WHEREFORE, the Court AFFIRMS the Decision dated November 18, 2005 and Resolution dated June 19, 2007 of the Court of Appeals in CA- G.R. CR No. 26418 finding petitioners Edigardo Geroche, Roberto Garde and Generoso Marfil alias “Tapol” guilty beyond reasonable doubt of Violation of Domicile, penalized under Article 128 of the Revised Penal Code, with the MODIFICATION that the penalty that should be imposed is an indeterminate sentence from two (2) years and four (4) months of prision correccional, as minimum, to four (4) years, nine (9) months and ten (10) days of prision correccional, as maximum.

SO ORDERED.cralawlawlibrary

Velasco, Jr., (Chairperson), Villarama, Jr., Reyes, and Jardeleza, JJ., concur.

Endnotes:


1 Penned by Associate Justice Romulo V. Borja, with Associate Justices Myrna Dimaranan Vidal and Ricardo R. Rosario concurring; rollo, pp. 25-36.

2Rollo, pp. 38-39.

3 Penned by Judge Rodolfo M. Serrano (Records, pp. 326-332; id. at 17-23).

4 Art. 128. Violation of domicile. – The penalty of prision correccional in its minimum period shall be imposed upon any public officer or employee who, not being authorized by judicial order, shall enter any dwelling against the will of the owner thereof, search papers or other effects found therein without the previous consent of such owner, or having surreptitiously entered said dwelling, and being required to leave the premises, shall refuse to do so.

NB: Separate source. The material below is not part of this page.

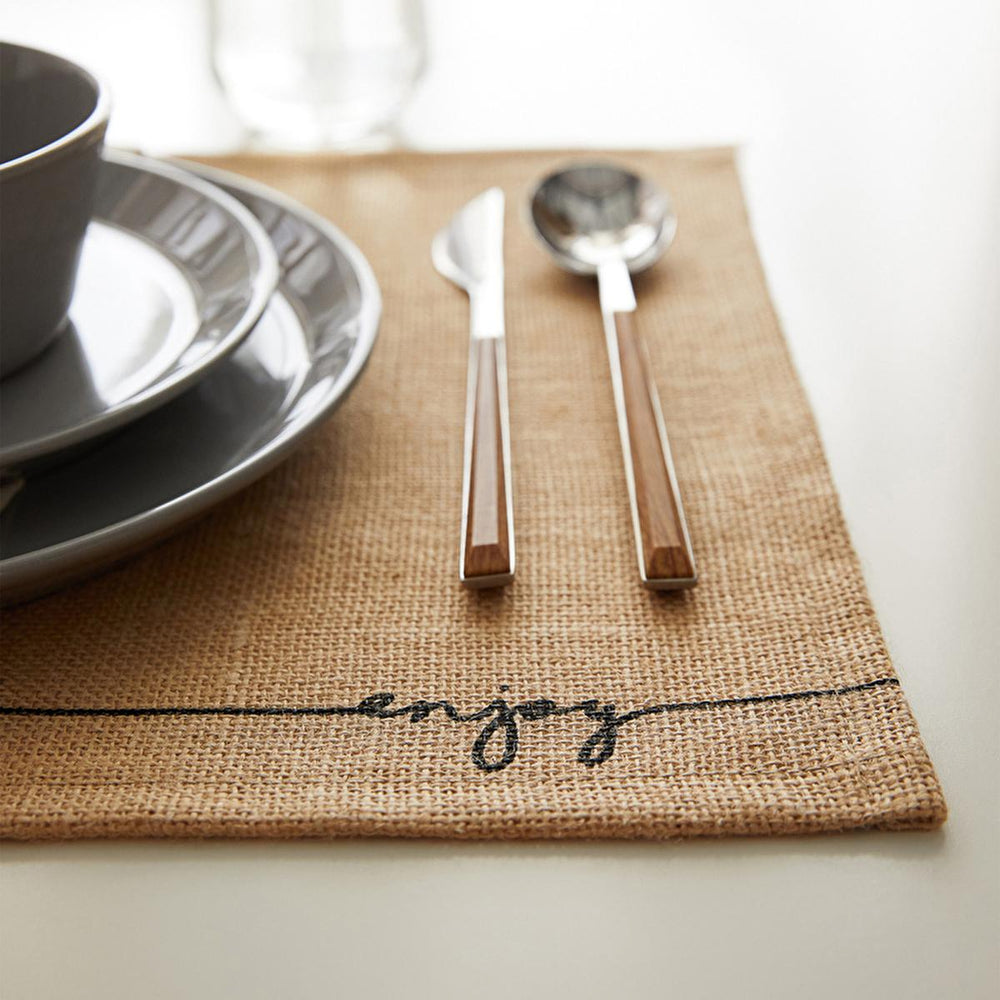 Ocean Home Jute Placemats Set of 2 - Natural Woven Table Mats for Rustic & Bohemian Dining Decor - 17.72 x 13.78 inches Ocean Home Jute Placemats - Rustic Table Decor jute placemat, natural placemat, rustic placemat, bohemian placemat, table mat, dining table decor, eco-friendly placemat, woven placemat, table setting, jute table mat, placemats, jute, natural fibers, table decor, dining, kitchen, home decor, rustic, bohemian, eco-friendly, sustainable, table mats, set of placemats, gifts for her, gifts for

If the offense be committed in the night-time, or if any papers or effects not constituting evidence of a crime be not returned immediately after the search made by the offender, the penalty shall be prision correccional in its medium and maximum periods.

5 Records, p. 31.

6Id. at 36.

7 Records, p. 4.

8 TSN, December 7, 1993, p. 4. (Id. at 140).

9 Spelled as “Pungasi” is some parts of the Records (See records, pp. 318-319).

10 Records, p. 331; Rollo, p. 22.

11Rollo, pp. 35-36.

12People of the Philippines v. Reynaldo Torres, et al., G.R. No. 189850, September 22, 2014.

13People of the Philippines v. Reynaldo Torres, et al., G.R. No. 189850, September 22, 2014.

14Garces v. People, 554 Phil. 683, 696-697 (2007).

15People v. Dela Rosa, G.R. No. 201723, June 13, 2013, 698 SCRA 548, 554.

16 The CAFGU was created pursuant to Executive Order No. 264 for the purpose of complementing the operations of the regular force formations in a locality. It was composed of civilian volunteers who were tasked to maintain peace and order in their localities, as well as to respond to threats to national security.  As such, they were provided with weapons, and given the authority to detain or order detention of individuals. (See People v. Flores, 410 Phil. 578, 587 [2001]).

17 Act No. 4103, as amended by Act No. 4225 and Republic Act No. 4203.